Directions for this task — The full set of lines below has to be duplicated exactly, with no picture kept.

Given data —
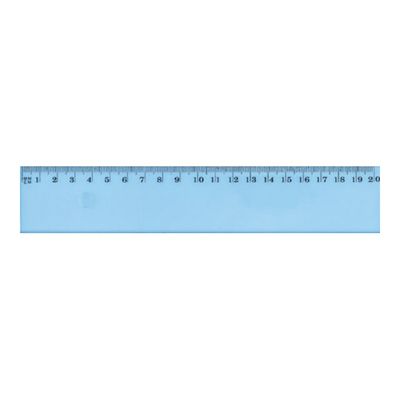 3457709382451-JPC  règle  20 cm  plastique incassable-Avant-0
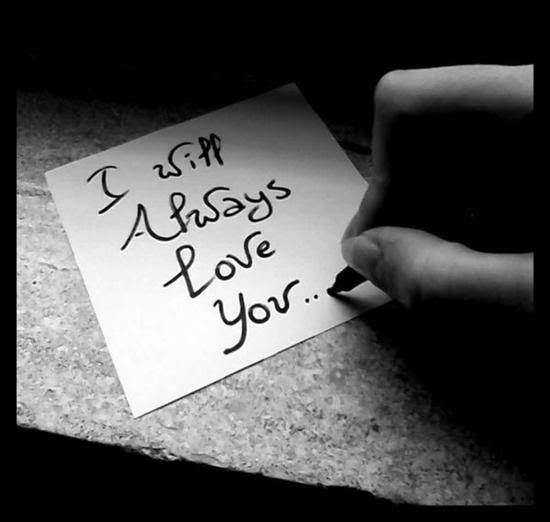 I will I will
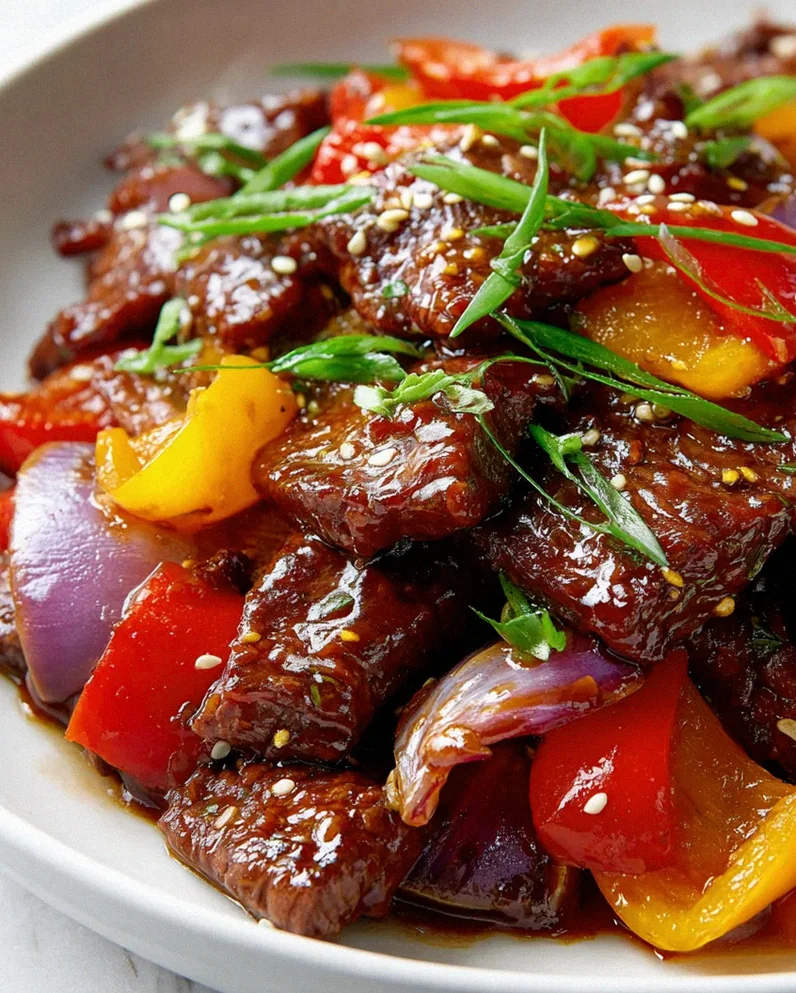 Mongolisches Rindfleisch: Zart, würzig & einfach lecker! – Schritt 2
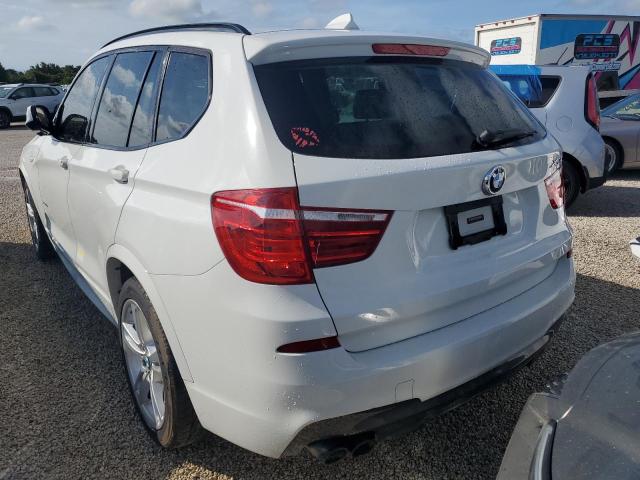  BMW X3 2013 Белый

Exercise output —
 3457709382451-JPC  règle  20 cm  plastique incassable-Avant-0
 I will I will
 Mongolisches Rindfleisch: Zart, würzig & einfach lecker! – Schritt 2
  BMW X3 2013 Белый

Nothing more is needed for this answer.